HOBART.- Mona opened Siloam, a vast new subterranean excavation. This $27 million extension is a complex of chambers, gallery spaces and connecting tunnels featuring artworks by Alfredo Jaar, Ai Weiwei, Oliver Beer, and Christopher Townend.

Alfredo Jaar has created an immersive journey simulating heaven, hell and purgatory in The Divine Comedy, 2019. Visitors enter—ten at a time—into three pavilions interpreting each of the realms of Dante Alighieri's 14th-century epic poem. They will encounter fire and flood in Inferno; hover between life and death with American performance artist Joan Jonas (in a film) in Purgatorio; and, finally, simply exist in the sensory void of Paradiso.

Ai Weiwei's White House, 2015, is formed from the bones of a Qing Dynasty home, constructed from interlocking pieces of wood, all balanced on solid crystal glass. Weiwei has something to say about the present constructing the past but, here at least, his work is a triumphant blend of anachronistic aesthetics.

Mona Confessional, 2016-9, by Oliver Beer is inspired by historical listening tubes and the conventions of religious confession. Visitors enter an underground chamber through a soundless spiral and can eavesdrop on, or even have a full—but disembodied—conversation with the people walking and talking outside above them.

Christopher Townend’s sound installation, Requiem for Vermin, 2019, is the largest multi-channel sonic work in the world. Comprising 230 speakers and 218 channels, the scored musical composition is activated by hidden movement sensors in a new tunnel, leading visitors to experience aural illusions as the sound interacts with the space around them, while leading them to Pharos. It’s so complex that we are having trouble making it work—art remains a mystery.

Siloam—the name comes a very early tunnel—provides an alternate connection between Mona and Pharos, and an alternative to academic art. The architectural inspiration is drawn from the Indian naked eye observatory Jantar Mantar, but the overall experience reconfigures religious processionals (think the Stations of the Cross or circumambulating the Kaaba) as secular spirituals.
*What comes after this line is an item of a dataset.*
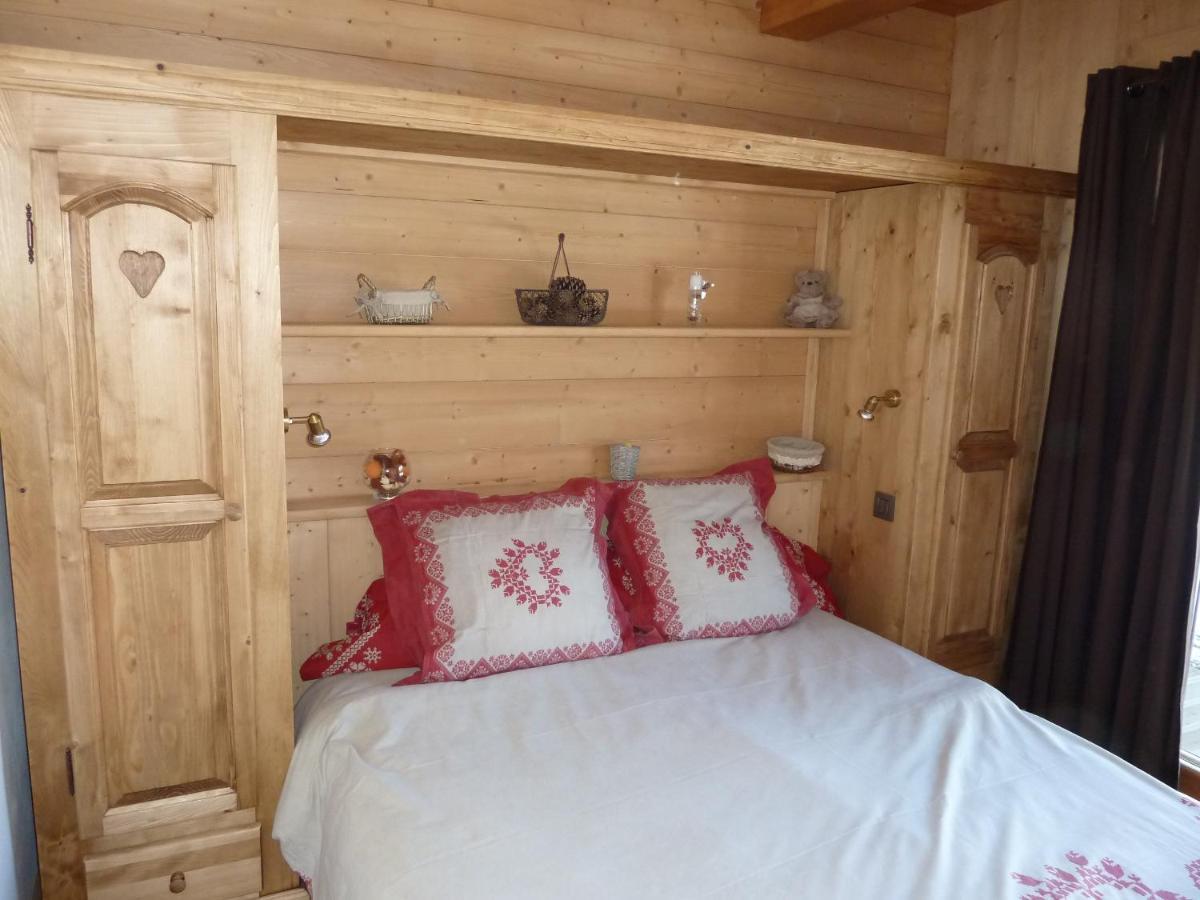 Chalet Le Solaret Межев Экстерьер фото
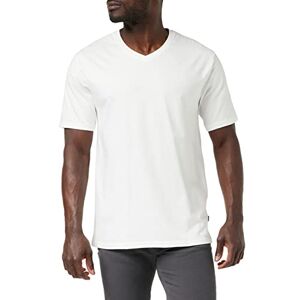 Trigema Men's T-Shirt (637203) White (white 001) plain, size: 4xl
David Walsh said: ‘The original Siloam was one of the first tunnels to be constructed from both ends. We dug our version of Siloam to connect two existing areas of the museum, filled it with art and made it greater than the sum of its parts. I liked the idea of approaching heaven from below and forcing our visitors to be part of a procession by traversing a tunnel to nowhere.’